「ミラノ・ウニカ21春夏」の日本勢/各出展者とも集客に苦労/新型肺炎も直接・間接に響く
2020年02月07日 (金曜日)
【ミラノ=泉克典】「ミラノ・ウニカ(MU)21春夏」の日本コーナー「ザ・ジャパン・オブザーバトリー」(JOB)の2日目は、午前中から初日以上の人通りで、各ブースでも来訪したバイヤーと商談する風景が多く見られた。ただ「昨年、前回より人通り・来客とも絶対数が少ない」というのが大多数の感触で、集客への周到な準備の重要性を印象付けた。
生地商社の備蓄販売は、各産地の多彩な個性的商品やエコ・サステ素材の充実と並ぶJOBの売り。
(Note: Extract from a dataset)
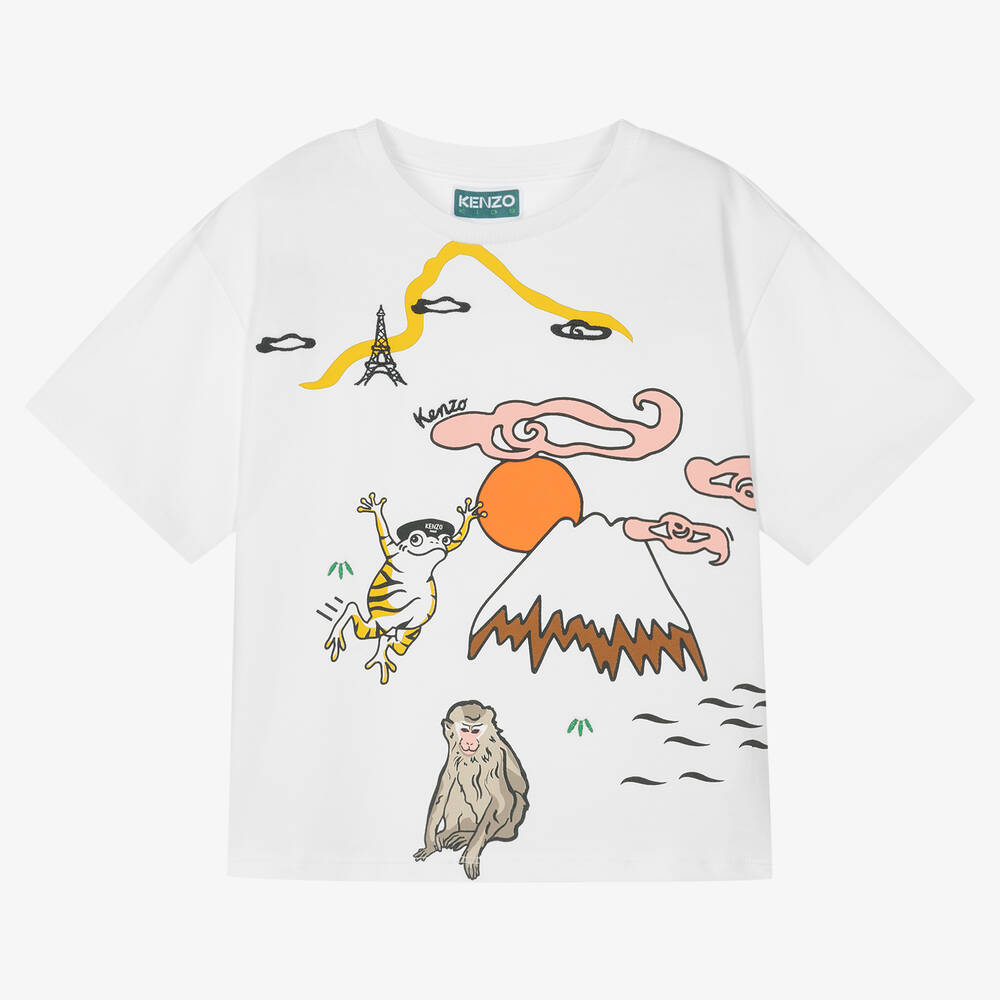 KENZO KIDS - Girls White Cotton KOTORA Map T-Shirt | Childrensalon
これまで「発注後の即発送が生命線」(宇仁繊維)、「継続客ほど“イージー”“シンプル”と高く評価する」(サンウェル)など即応力で成果を上げてきた。前回展からJOBに参加した豊島も、食品廃棄物由来染料による「フードテキスタイル」ではエコの観点に加え、海外では、ほぼ全品番の備蓄体制も訴求している。
ただ、今回は、「出張禁止措置で直前でアポキャンセルもあった」(瀧定名古屋)など新型肺炎の直接・間接の影響で、既存・新規双方で集客には例年より苦労した。
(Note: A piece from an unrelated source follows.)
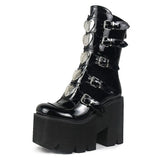 INS Hot Brand Women Boots Zipper Heart Buckle High Wedges Platform Boots Women Thick Bottom Cool Goth Cosplay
宇仁繊維は「キュプラなどのエコ品番に加え、サテンジャカードやカットジャカードなど独自性ある意匠物が人気」だったが、商談件数は大きく伸び悩んだ。「目先の商品探しだけか、新たな仕入先として求められているのか」見極め、「即応可能品番数以外に工場背景をもっと訴求してもよい」と課題を話す。
今回も安定した集客力を見せたのはスタイレム、瀧定名古屋。いずれも周到な事前準備が光った。
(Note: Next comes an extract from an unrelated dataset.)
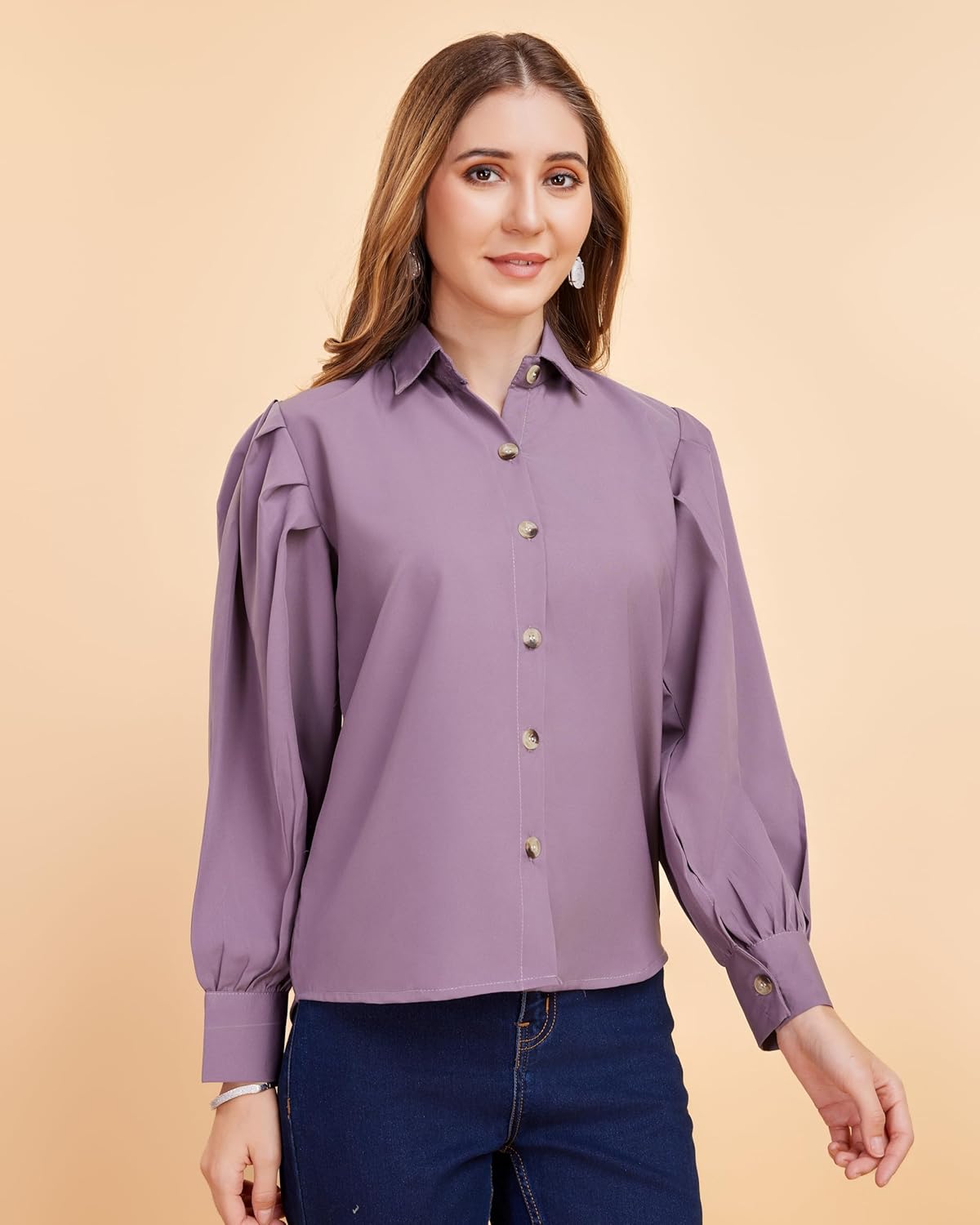 harshiv Enterprise Women's Crepe Casual Balloon Sleeve Shirt | Stylish Lightweight Top for Office, Travel Comfortable, Breathable, Easy to Care Fabric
コレクションの約半数をエコ・サステ素材にして臨んだスタイレムは、既存客とのアポを満遍なく割り振り「常に来客がある印象づけで、新規客も呼び込み、現地でブランドイメージ浸透も図る」。会期の直前に、海外向け「ゼン・キワミ」コレクション専属チームを置き、商談で得た顧客ニーズを、各産地と組んだモノ作りに迅速にフィードバックする体制も整えた。
瀧定名古屋は、手薄なイタリアのトップメゾン攻略と生地・製品の一貫提案強化に向け、昨年11月にミラノ市内に現地エージェントと共同でショールームを設置。対象シーズン向け生地コレクションを携えて行う年末の訪問営業から、MUでの調整を経て、さらにその後、生地コレクションの目指すライフスタイル・世界観を製品でも提案できる一連の流れを作っている。